It gets bit difficult to continue the conversation if there is no mutual
interest and takes a great deal of effort to continue having conversation.

Public/Forum/Group/Toastmasters discussion definitely helps to overcome the
fear and anxiety.

Hope I am able to answer.

------
mindcrime
For my thoughts on this, I'll just refer you to my post on a similar thread
from a few years back.

[https://news.ycombinator.com/item?id=14196558](https://news.ycombinator.com/item?id=14196558)

The rest of the thread will probably have some stuff you may find useful as
well.

------
WAthrowaway
LSD

------
sageabilly
I used to struggle with this, but as I've gotten older I have realized that
people generally like talking about things they're interested in, and you can
keep conversation going by asking questions about what they like. It helps to
have kind of a decent memory so you can pick up where you left off before.

So, for example, with your friends: "Hey, how's that [thing they were telling
you about the last time you saw them] going?" then keep asking questions about
it until the topic peters out. Also, a bit off topic, but if you're finding
that you and your friends don't have a lot to talk about, maybe find new
friends that share hobbies so you can have a more natural flow of
conversation?

With other professionals: "How did you end up in [Profession]?" or "What
brings you to [Conference, lecture, talk, etc.]" A good one that will get you
a lot of interesting conversation is "What's your biggest challenge at work
right now?"

On a date, just ask them about themselves. The whole point of a date is to get
to know the other person better, so just ask questions. Maybe the conversation
doesn't go anywhere, which is probably a good sign that the relationship isn't
going to go anywhere.

Random casual encounters: "Hey, [Person]! What have you been up to lately? Oh
wow, that sounds really cool! Did you [have a good time, enjoy yourself, meet
new people, learn anything new, manage to get that problem fixed, etc]? Great!
Well, I have to run, fantastic to see you again!"

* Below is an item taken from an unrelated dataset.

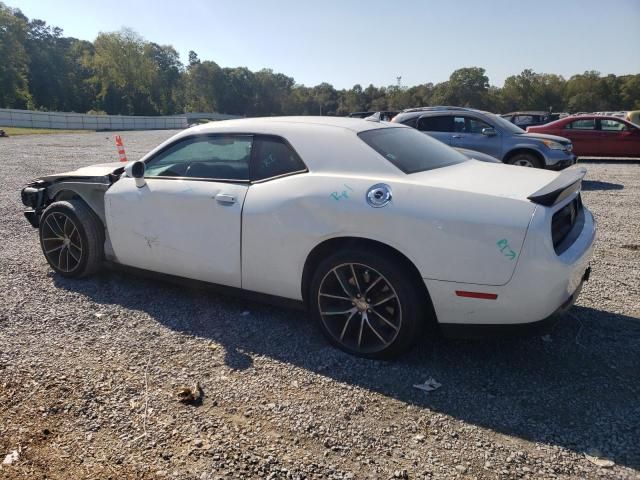 2015 Dodge Challenger R/T Scat Pack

With speaking one on one with other people, think of the conversation as
branches on a tree. You have the main "trunk" of the conversation which is
whatever you both have in common (for example, you're both attending the same
professional conference), and then topics of conversations are branches of
possibility (why they're at the conference, what interests them most about the
conference, how they ended up in their profession, etc). You can follow a
branch down further to more specific topics if the conversation seems to flow
that way, or back up and try a different branch, or maybe following one topic
of conversation will lead you in a different direction (They say they're at
the conference because they just started a new job, so you start asking them
about the job which leads to them saying they just moved, so you can start
talking about where they moved from, etc).

Something else that has helped me a lot is really thinking about what kind of
person I want to be perceived as, and then holding that intent as I interact
with others. In my personal life, it's a bit easier, as I just want to be
myself, but in my professional life, I have spent some time thinking about
what kind of impression I want to leave people with. As a result, whenever I
go into a professional situation (like a conference or a big meeting) I spend
a couple minutes thinking about what kind of impression I want to leave. That
will naturally affect how I interact with others, as I will actively work
toward leaving that impression. I'm not saying I create a false persona, just
that I try and intentionally have my interactions be positive (so I strive to
avoid complaining), that I come across as receptive to what the other person
is saying (so I focus on really listening to the other person and
understanding what they are saying), and that the other person perceives me as
trustworthy (so I don't spread gossip or speak maliciously about anyone else,
and I keep conversations private on an ongoing basis).